FINRA suspended Shaw in May 2016, but decided not to bar him until August 2016. Why FINRA wanted to talk to Shaw is a secret but we have our ideas.
Although not reported on his current Public Disclosure, we know that Shaw was terminated by LPL Financial in March 2015, for allegedly the “implementation of an investment strategy that was unsuitable” and the “excessive trading of a retirement account.” Shaw’s termination from LPL appears to have disappeared from his regulatory records in 2016.
However, since then, FINRA Public Disclosure reveals that Shaw has been identified in ten customer initiated investment related disputes containing allegations of his misconduct while employed with LPL Financial, LLC and his prior employers.
In 2008, a customer initiated investment related written complaint where Shaw was alleged to have effected excessive and unauthorized trades was settled. Also, in 2o08 another customer initiated investment related written complaint regarding Shaw’s activities was settled .
In 2015, a customer initiated investment related written complaint for unauthorized trading was settled, in September 2015, another customer initiated investment related written complaint involving Shaw’s activities was settled.
In October 1, 2015, another customer initiated investment related written complaint involving Shaw’s conduct was settled and on October 16, 2015, another customer initiated investment related written complaint concerning Shaw’s activities was settled.
Two weeks later, ao October 29, 2015, another customer initiated investment related arbitration claim involving Shaw’s conduct was settled for $60,000.00 based upon the allegations that Shaw engage in short term unauthorized speculative trading in the customer’s account.
Another customer initiated investment related arbitration claim regarding Shaw’s conduct was settled for in January 2016 for $250,000.00 against based upon the allegations that Shaw effected unsuitable and unauthorized trades a customer’s retirement account.

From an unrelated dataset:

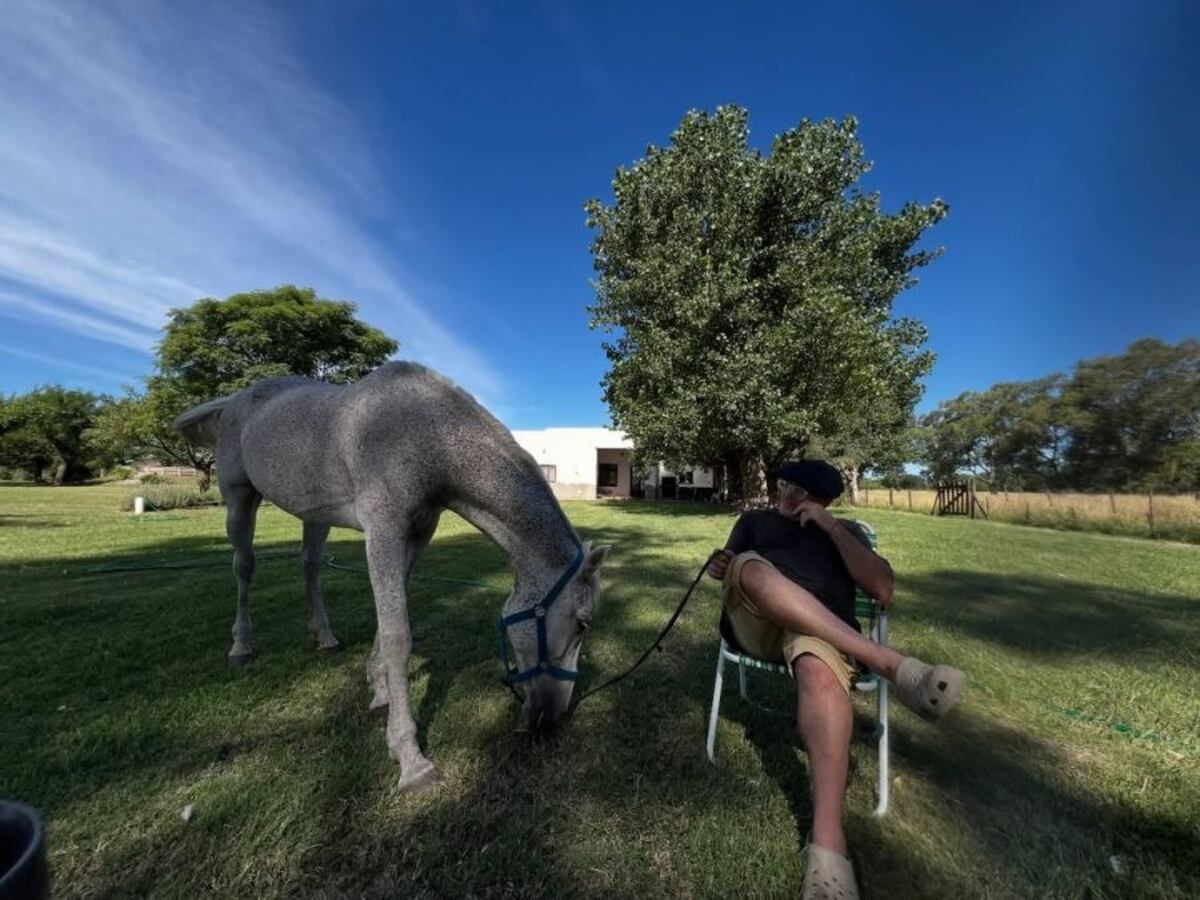 Denise Dumas y Campi: así es su casa de campo rústica, rodeada de naturaleza y caballos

Shaw was terminated by LPL in May 2015.
Maybe FINRA was investigating all these complaints.
Maybe FINRA was investigating Shaw’s undisclosed criminal arrests.
On June 24, 2014, and again on August 10, 2014, Shaw was arrested at his home in Pennsylvania, and among other things, was charged with harassment, aggravated assault and reckless endangerment. See, e.g. Commonwealth v. Shaw, MJ-38107-CR-0000110-2014 (Jun. 24, 2014); Commonwealth v. Shaw, MJ-38107-CR-0000132-2014 (Aug. 10, 2014).

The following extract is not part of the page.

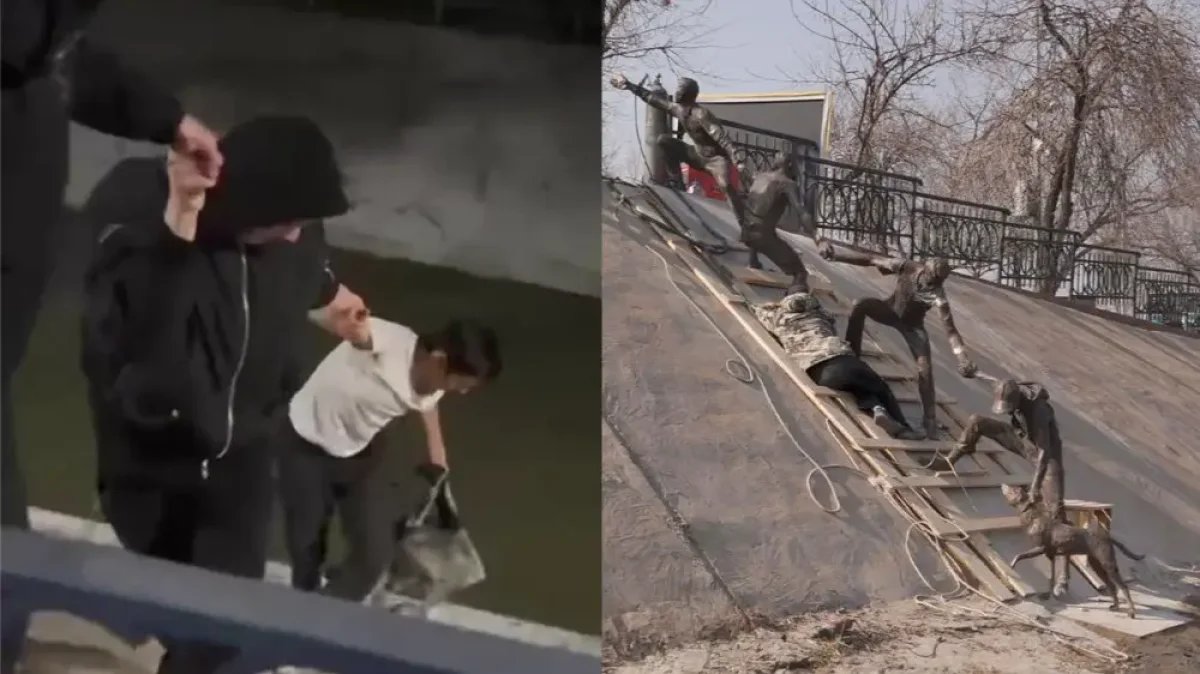 Видеодан кадр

We know that Shaw failed to disclose these arrests until sometime in late 2015, after he was fired by LPL. For the sake of full disclosure, we know this because we represented one of his securities fraud victims. We also know that at the time of his termination from LPL Financial, Shaw owed LPL Financial a very large chunk of change in the form of a forgivable or up-front loan LPL gave him, which following his termination, Shaw was required to pay back.
However, why FINRA barred Shaw or what FINRA was investigating in May 2016, the Philadelphia District Office of FINRA offers no clue.
Shaw was apparently suspended for not responding to a FINRA request, and his suspension became a bar only after he failed to request the termination of his suspension after three months. Instead of being barred in a formal disciplinary action for the failure to comply with FINRA Rule 8210, which requires members to provide information to FINRA or face expulsion, Shaw was merely suspended by way of a “Letter” from the Staff. However unlike formal Disciplinary Actions, Letters from the Staff are not reported on FINRA Disciplinary Actions Online and are otherwise secret. (FINRA did the same thing, the secret suspension by letter, in the case of Brian Patrick Murphy in October 2016. FINRA kept the circumstances surrounding Murphy’s bar a secret until he was arrested last week by the Burlington County Prosecutors Office and charged with the theft of almost $1 million from his customers).
A Letter, of course involves less work for the Staff, and hence optimizes or results in the most efficient allocation of scarce enforcement resources. Also, if no one knows why Shaw was being investigated, it is certainly better that way for his prior employers whom might be sued for his misconduct. Moreover, now that Shaw is barred, no one has to report any additional customer complaints or arbitrations involving his conduct. So it is a win, win for everyone, except of course his victims.